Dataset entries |
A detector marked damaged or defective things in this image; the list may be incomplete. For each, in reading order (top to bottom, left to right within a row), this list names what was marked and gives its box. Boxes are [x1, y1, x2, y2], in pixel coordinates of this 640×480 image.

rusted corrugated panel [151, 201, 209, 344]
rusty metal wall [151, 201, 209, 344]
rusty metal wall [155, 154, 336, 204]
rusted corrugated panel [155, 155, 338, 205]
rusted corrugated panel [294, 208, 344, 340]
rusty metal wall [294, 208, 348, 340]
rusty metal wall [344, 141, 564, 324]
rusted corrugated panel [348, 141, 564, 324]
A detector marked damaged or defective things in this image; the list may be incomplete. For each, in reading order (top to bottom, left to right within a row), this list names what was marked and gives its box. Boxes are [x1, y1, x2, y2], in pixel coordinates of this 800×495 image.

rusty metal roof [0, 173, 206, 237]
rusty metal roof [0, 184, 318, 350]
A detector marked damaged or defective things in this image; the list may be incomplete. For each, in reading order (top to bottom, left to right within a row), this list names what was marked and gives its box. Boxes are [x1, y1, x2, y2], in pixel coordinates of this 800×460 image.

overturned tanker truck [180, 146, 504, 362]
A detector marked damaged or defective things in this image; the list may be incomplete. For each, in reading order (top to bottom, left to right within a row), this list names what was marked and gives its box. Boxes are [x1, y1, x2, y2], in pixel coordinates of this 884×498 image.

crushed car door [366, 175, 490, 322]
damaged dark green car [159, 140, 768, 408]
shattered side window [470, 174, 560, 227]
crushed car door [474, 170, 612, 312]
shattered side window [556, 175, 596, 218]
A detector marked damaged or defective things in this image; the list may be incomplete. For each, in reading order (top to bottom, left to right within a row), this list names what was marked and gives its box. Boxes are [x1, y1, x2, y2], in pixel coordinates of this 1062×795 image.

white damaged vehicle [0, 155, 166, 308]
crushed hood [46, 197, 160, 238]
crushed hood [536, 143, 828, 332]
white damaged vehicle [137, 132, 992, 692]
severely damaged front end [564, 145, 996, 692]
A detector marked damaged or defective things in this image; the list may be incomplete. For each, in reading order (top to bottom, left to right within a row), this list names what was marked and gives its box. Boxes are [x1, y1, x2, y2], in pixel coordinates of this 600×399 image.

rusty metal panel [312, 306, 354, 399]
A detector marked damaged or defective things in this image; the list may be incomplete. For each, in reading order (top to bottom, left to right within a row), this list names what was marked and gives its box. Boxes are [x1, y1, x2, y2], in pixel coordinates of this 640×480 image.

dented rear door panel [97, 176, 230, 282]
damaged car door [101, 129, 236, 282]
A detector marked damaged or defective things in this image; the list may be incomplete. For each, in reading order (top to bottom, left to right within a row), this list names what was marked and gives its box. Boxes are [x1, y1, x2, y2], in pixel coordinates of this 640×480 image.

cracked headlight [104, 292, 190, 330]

TASK DIRECTIONS |
Extract every record. Keep wording exact.

ANSWER BELOW |
A detector marked damaged or defective things in this image; the list may be incomplete. For each, in reading order (top to bottom, left to right within a row), this list names what was marked and gives its box. Boxes are [x1, y1, x2, y2], in pixel coordinates of this 640×480 image.

rusted corrugated panel [151, 201, 209, 344]
rusty metal wall [151, 201, 209, 344]
rusty metal wall [155, 154, 336, 204]
rusted corrugated panel [155, 155, 338, 205]
rusted corrugated panel [294, 208, 344, 340]
rusty metal wall [294, 208, 348, 340]
rusty metal wall [344, 141, 564, 324]
rusted corrugated panel [348, 141, 564, 324]
A detector marked damaged or defective things in this image; the list may be incomplete. For each, in reading order (top to bottom, left to right within a row), this list names what was marked and gives its box. Boxes are [x1, y1, x2, y2], in pixel coordinates of this 800×495 image.

rusty metal roof [0, 173, 206, 237]
rusty metal roof [0, 184, 318, 350]
A detector marked damaged or defective things in this image; the list may be incomplete. For each, in reading order (top to bottom, left to right within a row), this list names what was marked and gives its box. Boxes are [x1, y1, x2, y2], in pixel coordinates of this 800×460 image.

overturned tanker truck [180, 146, 504, 362]
A detector marked damaged or defective things in this image; the list may be incomplete. For each, in reading order (top to bottom, left to right within a row), this list names what was marked and gives its box. Boxes are [x1, y1, x2, y2], in pixel coordinates of this 884×498 image.

crushed car door [366, 175, 490, 322]
damaged dark green car [159, 140, 768, 408]
shattered side window [470, 174, 560, 227]
crushed car door [474, 170, 612, 312]
shattered side window [556, 175, 596, 218]
A detector marked damaged or defective things in this image; the list may be incomplete. For each, in reading order (top to bottom, left to right within a row), this list names what was marked and gives its box. Boxes are [x1, y1, x2, y2], in pixel coordinates of this 1062×795 image.

white damaged vehicle [0, 155, 166, 308]
crushed hood [46, 197, 160, 238]
crushed hood [536, 143, 828, 332]
white damaged vehicle [137, 132, 992, 692]
severely damaged front end [564, 145, 996, 692]
A detector marked damaged or defective things in this image; the list may be incomplete. For each, in reading order (top to bottom, left to right within a row), this list names what was marked and gives its box. Boxes are [x1, y1, x2, y2], in pixel coordinates of this 600×399 image.

rusty metal panel [312, 306, 354, 399]
A detector marked damaged or defective things in this image; the list may be incomplete. For each, in reading order (top to bottom, left to right within a row), this list names what was marked and gives its box. Boxes are [x1, y1, x2, y2], in pixel coordinates of this 640×480 image.

dented rear door panel [97, 176, 230, 282]
damaged car door [101, 129, 236, 282]
A detector marked damaged or defective things in this image; the list may be incomplete. For each, in reading order (top to bottom, left to right within a row), this list names what was marked and gives its box. Boxes are [x1, y1, x2, y2], in pixel coordinates of this 640×480 image.

cracked headlight [104, 292, 190, 330]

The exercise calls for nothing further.